By the end of this lesson, you should be able to:

Explain what a basis set is and why it is needed in quantum chemistry.
Distinguish between Slater-type orbitals (STOs) and Gaussian-type orbitals (GTOs).
Understand the meaning of common basis set names (e.g., STO-3G, 6-31G, cc-pVDZ).
Describe the role of:
- split-valence basis sets
- polarization functions
- diffuse functions
Predict how increasing basis set size affects energy and computational cost.
Perform and compare calculations with different basis sets in WebMO or Python.

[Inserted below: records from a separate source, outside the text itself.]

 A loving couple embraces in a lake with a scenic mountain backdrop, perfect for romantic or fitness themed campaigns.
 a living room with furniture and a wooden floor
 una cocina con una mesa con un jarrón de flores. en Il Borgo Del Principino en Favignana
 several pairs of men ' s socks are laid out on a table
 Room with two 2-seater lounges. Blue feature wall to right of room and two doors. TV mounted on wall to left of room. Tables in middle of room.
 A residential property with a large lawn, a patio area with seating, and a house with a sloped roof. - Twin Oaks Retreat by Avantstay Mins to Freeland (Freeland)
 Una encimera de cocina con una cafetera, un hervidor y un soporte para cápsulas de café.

5.2.11.3. Basis Sets/Basis Functions#

Basis functions are used throughout data science to approximate a function. Typical applications are for smoothing data or simplifying further math. The basic idea is to pick a set of functions \(\{g_i\}\) that can be used to express another function, \(f\), in an expansion. We will restrict this discussion to functions of one variable and linear coefficients in the expansion. This allows us to write \(f(x)\) as a linear combination of functions \(\{g_i(x)\}\),

\(f(x) = \sum_{i=0}^\infty c_ig_i(x)\).

This equality is only exact for certain sets of functions. This is analagous to basis sets of vector spaces. Rather than go into the details of the math of expansions and spanning spaces, we will provide two standard examples of \(\{g_i\}\)s: polynomials and gaussians.

5.2.11.3.1. Polynomial basis functions#

The idea is to express some function \(f(x)\) as a linear combination of polynomials. This is exact in the limit of infinite powers. This can be expressed as \(g_i(x) = x^i\). Thus we get

\(f(x) = \sum_{i=0}^\infty c_ix^i = c_0 + c_1x + c_2x^2 + c_3x^3...\).

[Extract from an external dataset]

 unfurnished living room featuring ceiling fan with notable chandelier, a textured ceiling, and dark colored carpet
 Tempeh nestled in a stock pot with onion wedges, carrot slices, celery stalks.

If we truncate this expansion at \(i=1\) we get a linear approximation of \(f\),

\(f(x) \approx c_0 + c_1x\).

Fitting of these linear coefficients, \(c_0\) and \(c_1\), is commonly reffered to as linear regression.

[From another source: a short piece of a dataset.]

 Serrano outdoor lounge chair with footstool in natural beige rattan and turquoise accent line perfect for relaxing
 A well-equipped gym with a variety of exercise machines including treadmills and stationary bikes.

5.2.11.3.2. Example: Linear Regression#

As an example of linear regression we will utilize a concoted data set and then fit these points to a line. Each “data point” represents an ordered pair \((x,f(x))\). If we have two data points we would have two depedent linear equations

\( f(x_1) = c_0 + c_1x_1 \\ f(x_2) = c_0 + c_1x_2.\)

With only two points, we can solve for \(c_0\) and \(c_1\) exactly. This simply equates to two points determine a line. Note that this can also be expressed as a matrix equation:

\(\begin{bmatrix} f(x_1) \\ f(x_2) \end{bmatrix} = \begin{bmatrix} c_0 + c_1x_1 \\ c_0 + c_1x_2 \end{bmatrix} = \begin{bmatrix} 1 & x_1 \\ 1 & x_2 \end{bmatrix} \begin{bmatrix} c_0 \\ c_1 \end{bmatrix} \).

The right-hand most expression is referred to as the coefficient matrix multiplied by the solution vector. The solution vector can be solved for by left multiplying the expression by the inverse of the coefficient matrix

\(\begin{bmatrix} c_0 \\ c_1 \end{bmatrix} = \begin{bmatrix} 1 & x_1 \\ 1 & x_2 \end{bmatrix}^{-1}\begin{bmatrix} f(x_1) \\ f(x_2)\end{bmatrix}\).

For an overdetermined set of linear equations we can solve for the solution vector (set of coefficients \(\{c_i\}\)) using a least squares algorithm. The problem is usually set up as

\(\mathbf{A}\mathbf{x} = \mathbf{b}\),

where \(\mathbf{A}\) is the coefficient matrix, \(\mathbf{x}\) is the solution vector and \(\mathbf{b}\) is the \(f(x)\) vector similar to above.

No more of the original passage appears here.